Although the primary purpose of the document is to assist official reviewers in the declassification process, it also serves as an authoritative compendium of declassified data regarding the NRO, which was established in 1961 and publicly acknowledged in 1992.

From organizational history to satellite programs to agency products and capabilities, the declassification guide itemizes the various "facts" in each category that are now declassified.

Valuable appendices identify key individual participants in the National Reconnaissance Program and provide a glossary of code words. Excerpting at random:

"The term 'Area 58' [may be released] when limited to the context of a very general association with the NRO, intelligence activities, imagery intelligence, or satellite reconnaissance but not revealing any geographic location information."

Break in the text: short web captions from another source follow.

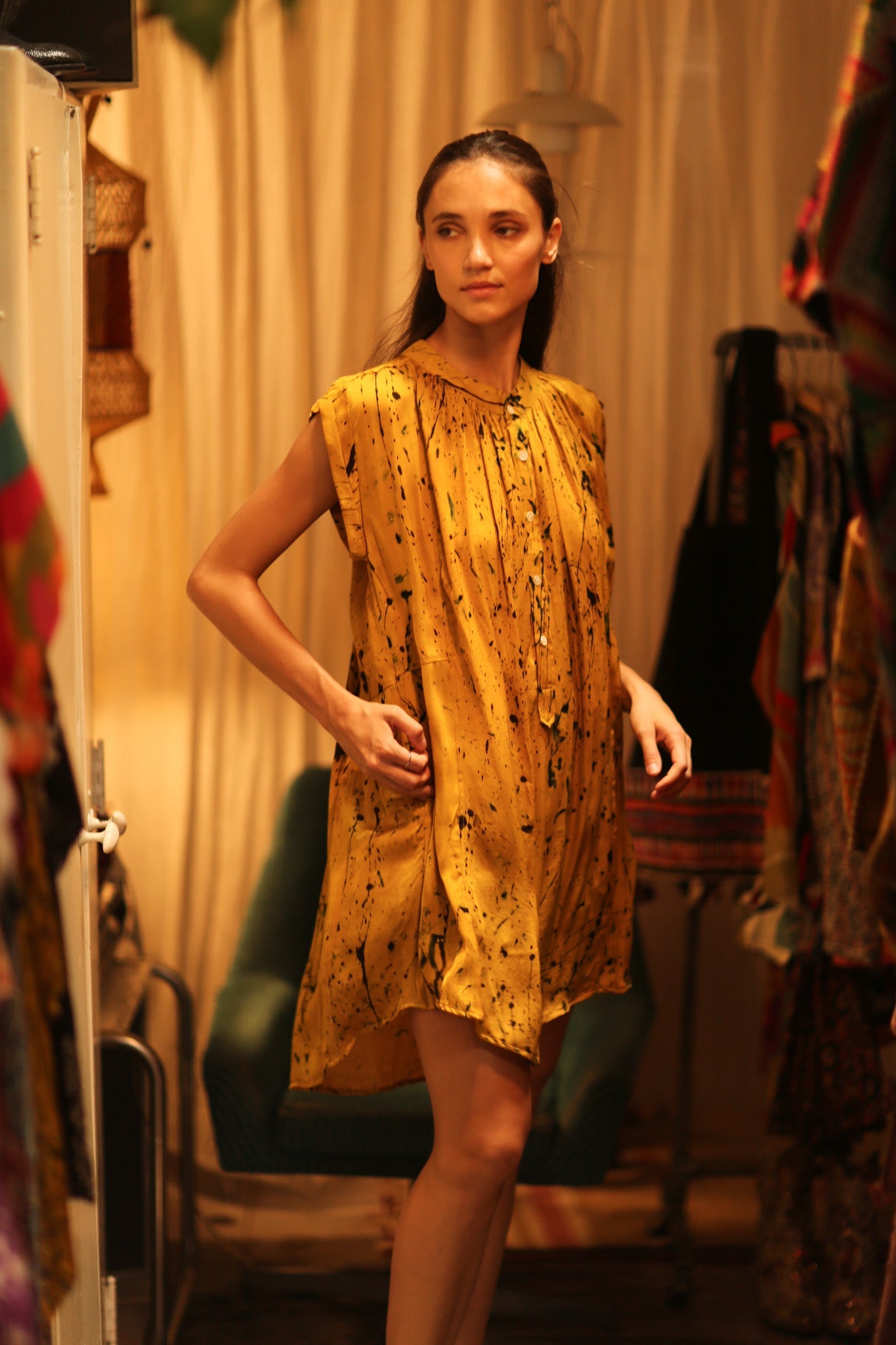 MARY SILK DRESS YELLOW POLLOCK - BANGKOK TAILOR CLOTHING STORE - HANDMADE CLOTHING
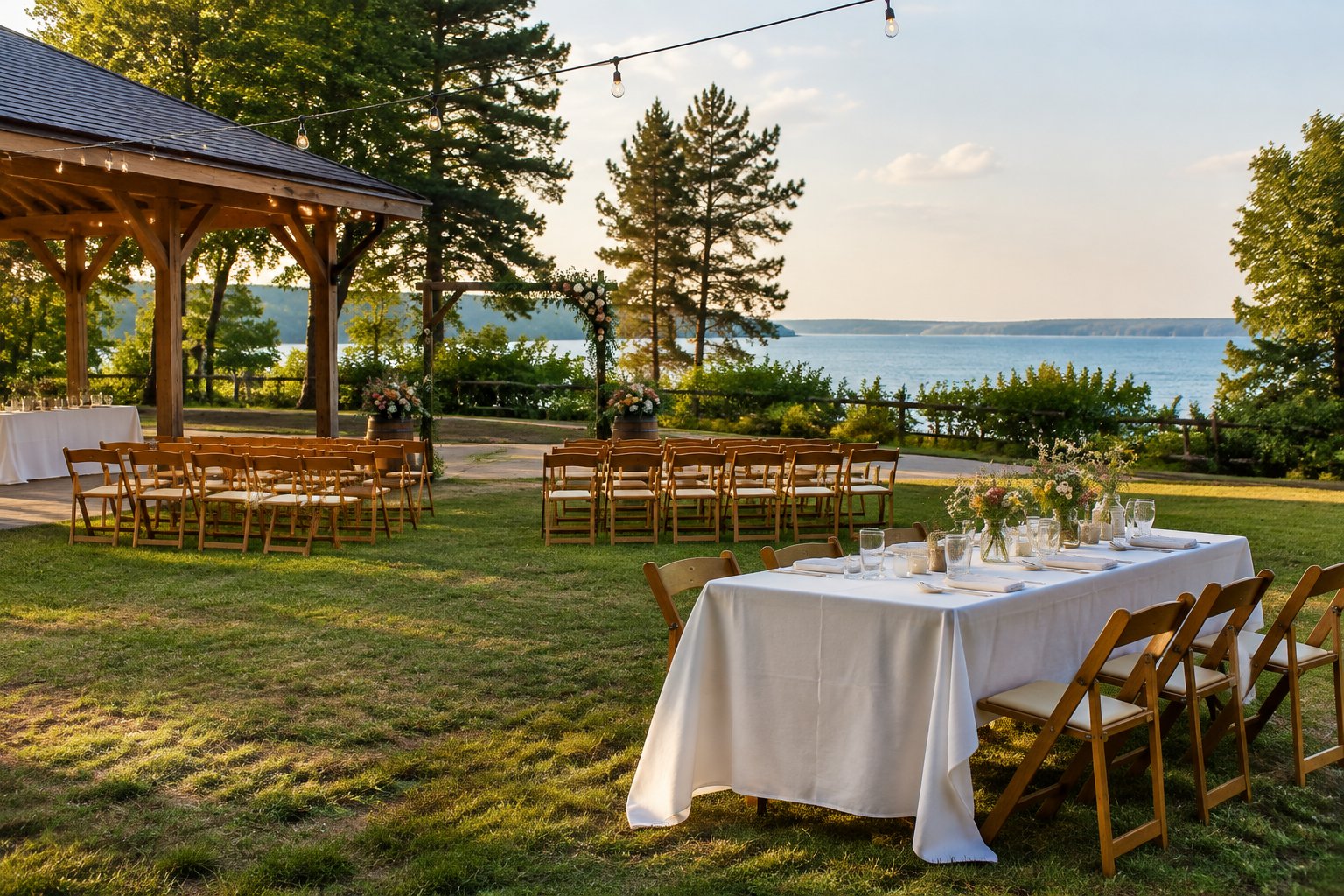 An intimate wedding setup with simple decorations at an affordable outdoor venue near a lake.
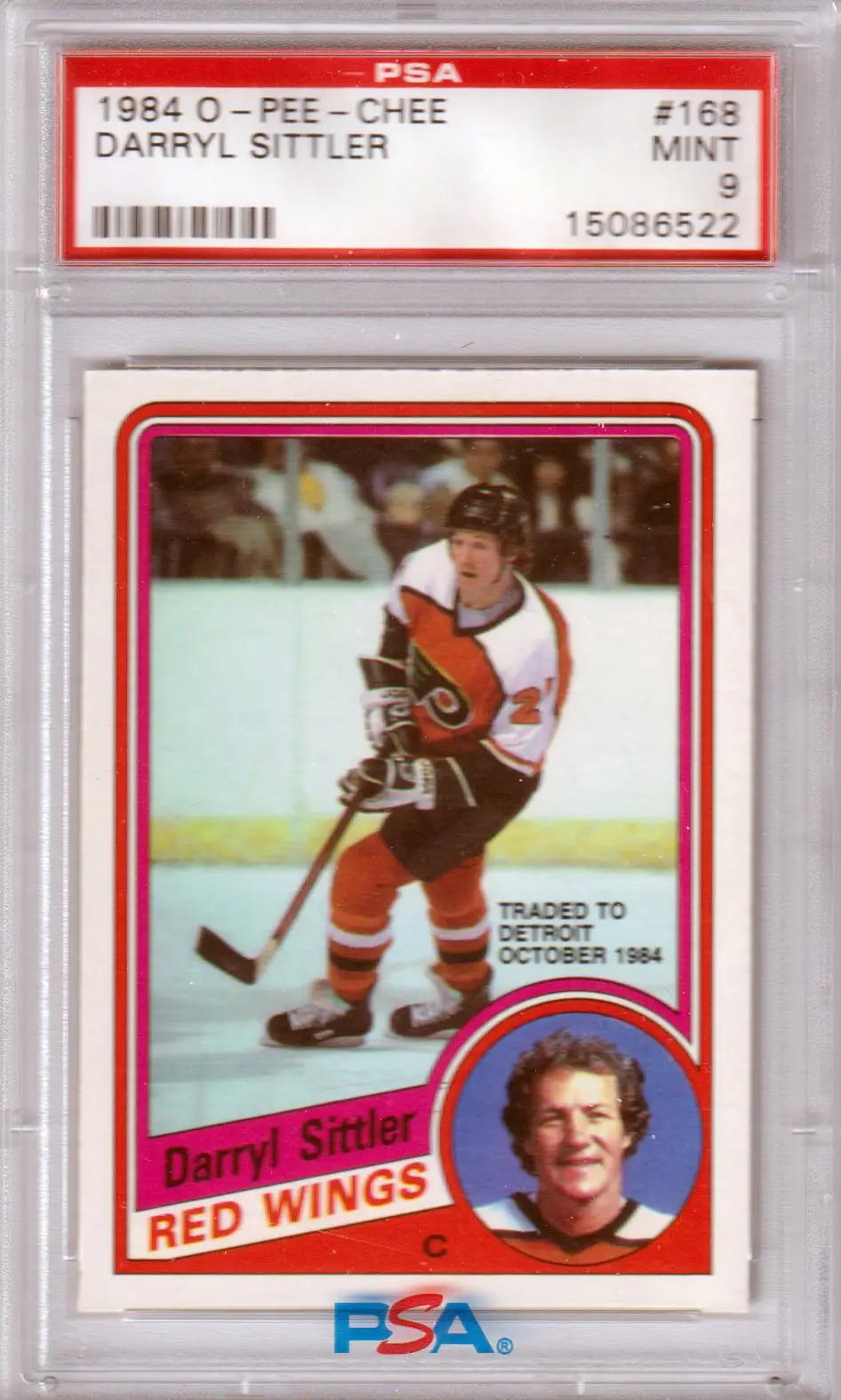 PSA 9 Mint Darryl Sittler 1984-85 O-Pee-Chee hockey card with Red Wings action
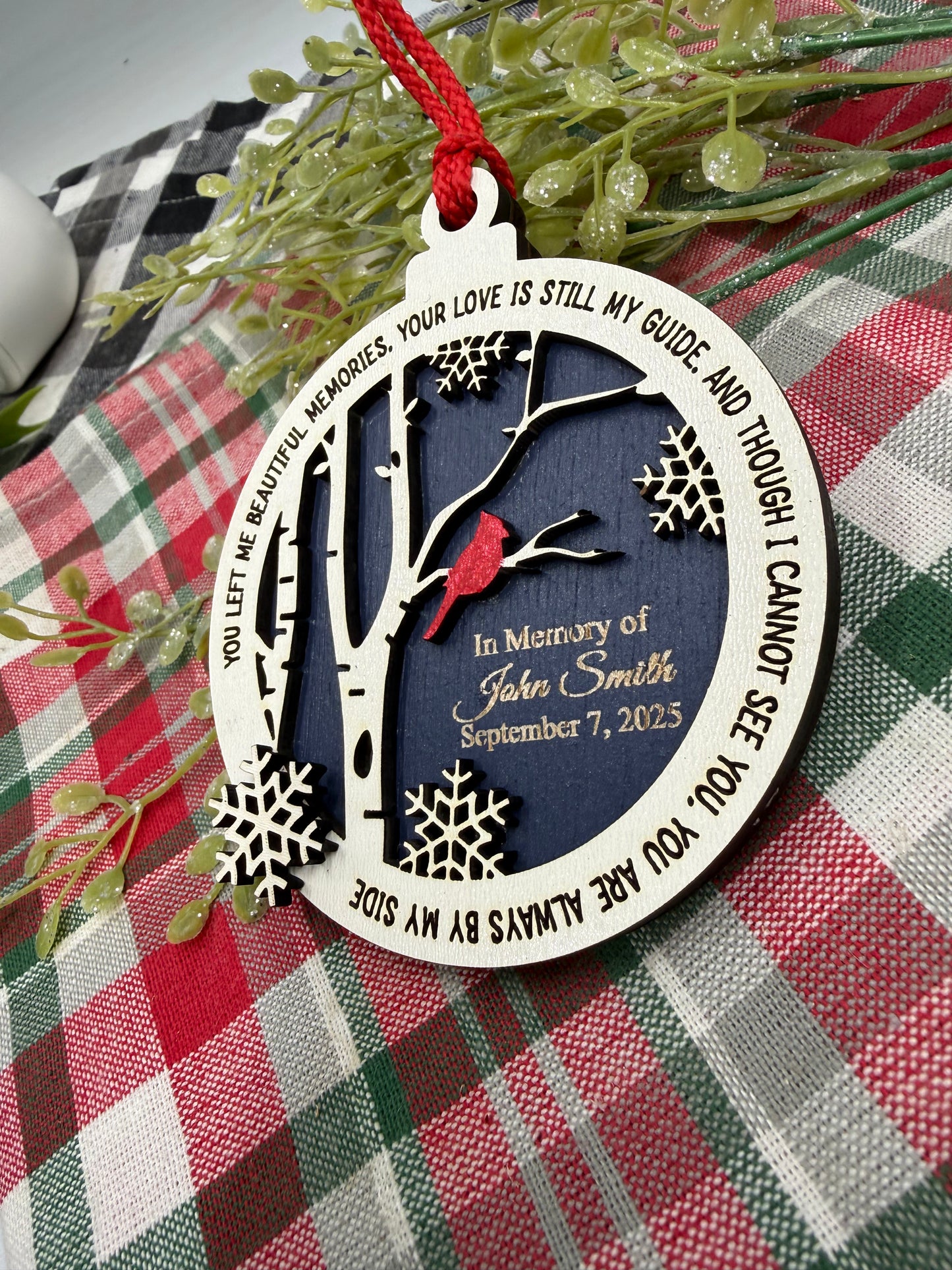 Personalized Cardinal Memorial Ornament: Laser Engraved Wood, In Loving Memory - Bereavement Funeral Keepsake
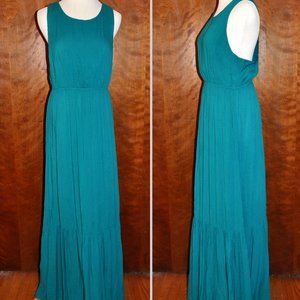 Forever 21 Teal Sleeveless Racer Back Maxi Sun Dress Size M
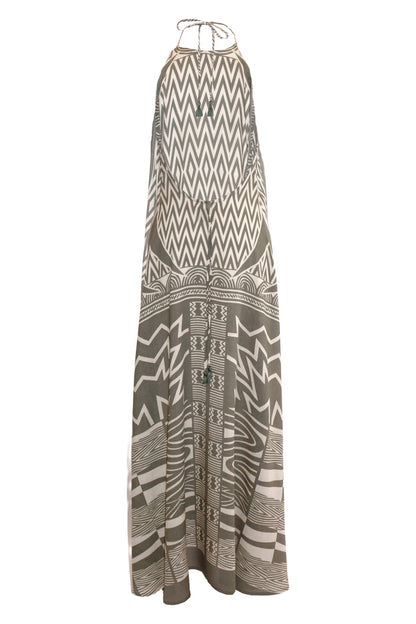 Kimani Halterneck Maxi Dress - Khaki & Cream
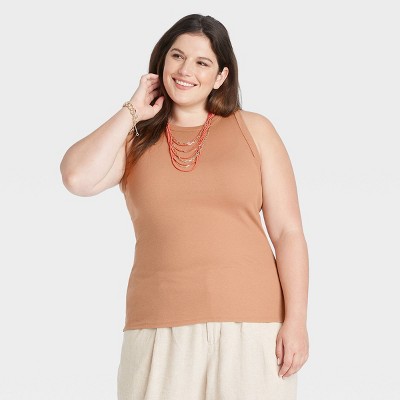 Women's Slim Fit Ribbed Tank Top - A New Day™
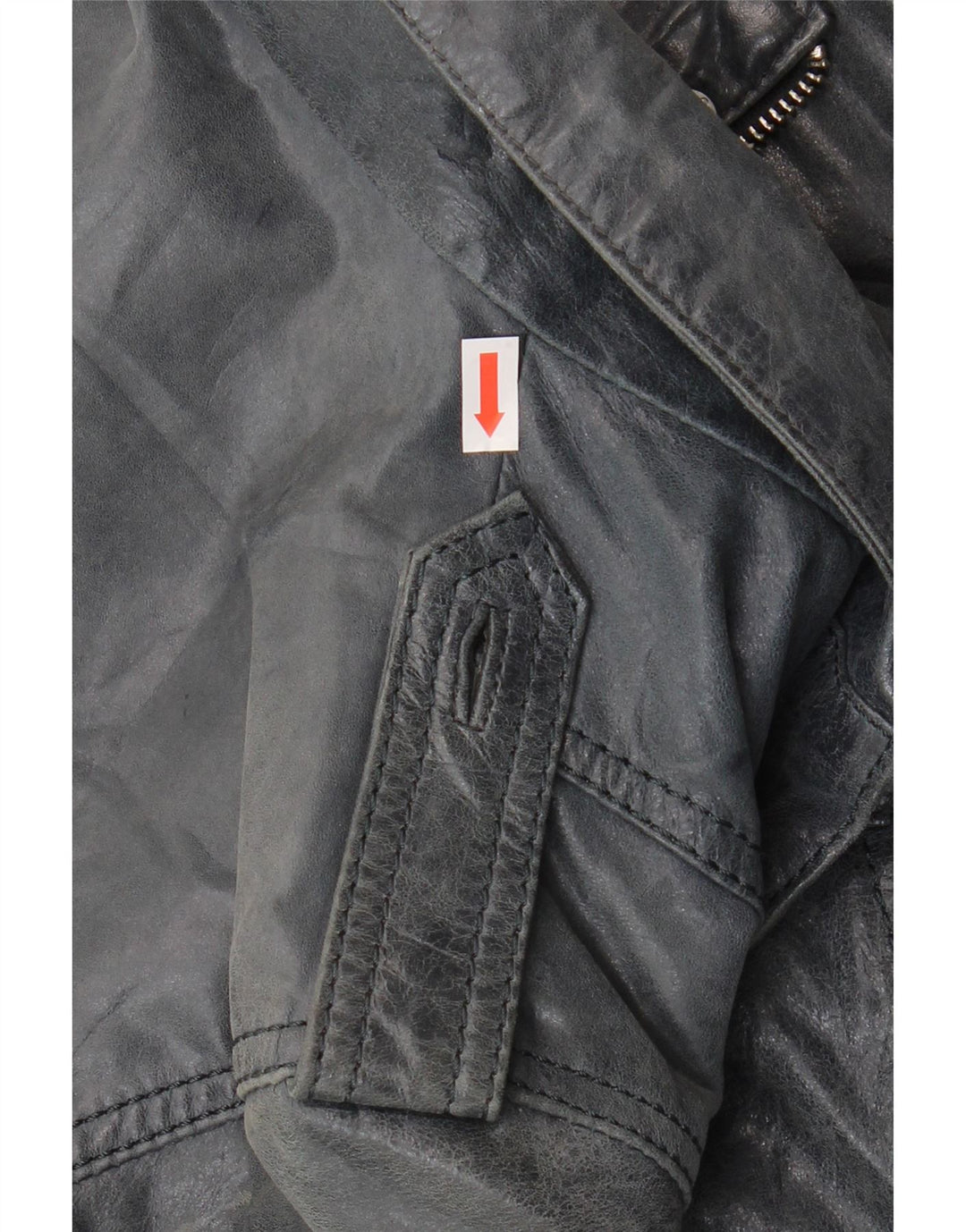Damska kurtka skórzana typu bomber w stylu vintage IT 46, duża, granatowa, skórzana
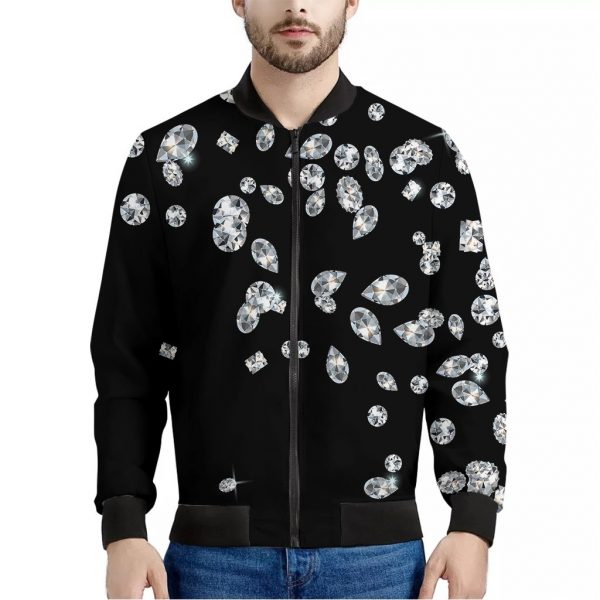 Diamond Gems Print Bomber Jacket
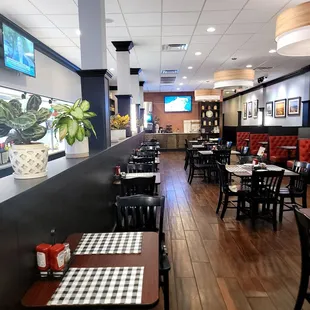 the dining area of a restaurant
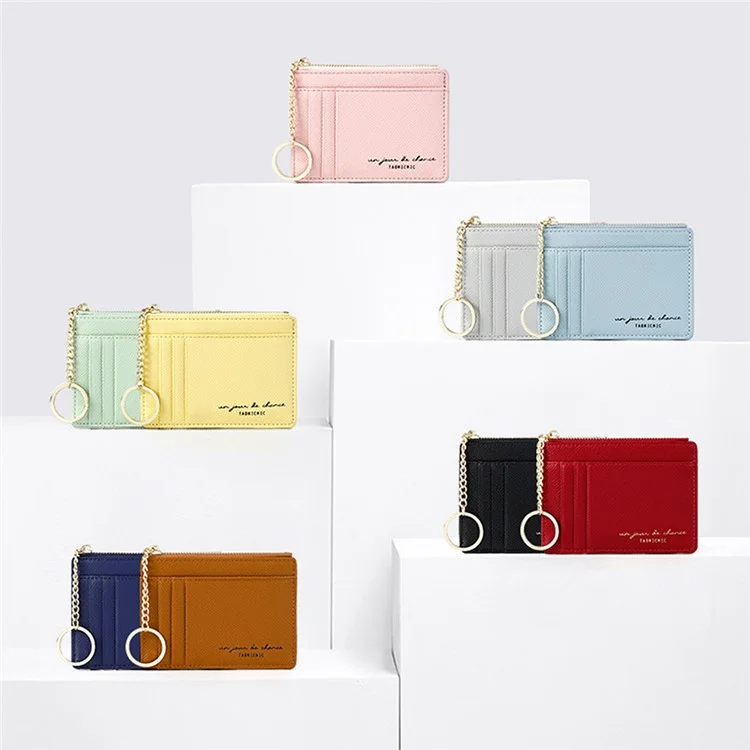 TAOMICMIC 928801 Multiple Card Slots PU Leather Small Wallet Women Zipper Coin Purse - Sapphire
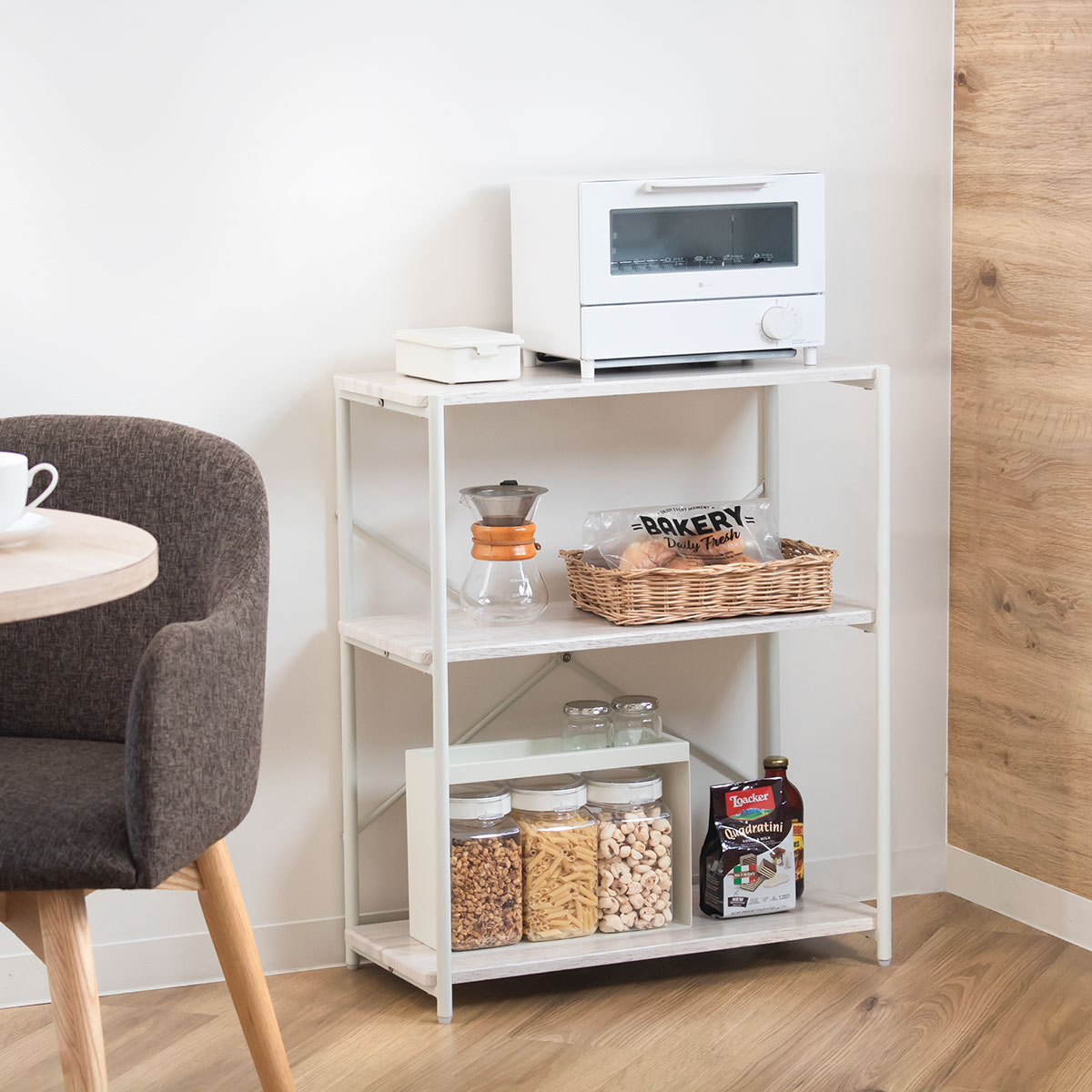 アウトレット） オープンラック 幅60cm 3段 スチールフレーム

"EVEN STEVEN" is "the code word associated with 29 U-2 flights in 1970 that overflew the Suez Canal ceasefire zone between Israel and Egypt."

"ECI" stands for "Exceptionally Controlled Information," which is "an NSA administrative COMINT flag."

The document was declassified and released in response to a Freedom of Information Act request from researcher Michael Ravnitzky, who kindly provided a copy to Secrecy News.

See "National Reconnaissance Office Review and Redaction Guide for Automatic Declassification of 25-Year-Old Information," 2006 edition (165 pages, 6.5 MB PDF file):


The industrial base of contractors in industry seeking to do business with the National Security Agency has mushroomed in recent years, according to an NSA acquisition official.

In 2001, only 140 contractors were eligible to compete for NSA contracts. Today, there are six thousand such contractors, said Deborah Walker of the NSA. She spoke at a contractor conference sponsored by the Defense Intelligence Agency last month.

The number of contractor facilities cleared by the NSA has grown from 41 in 2002 to 1265 in 2006, according to a chart that she presented in her talk.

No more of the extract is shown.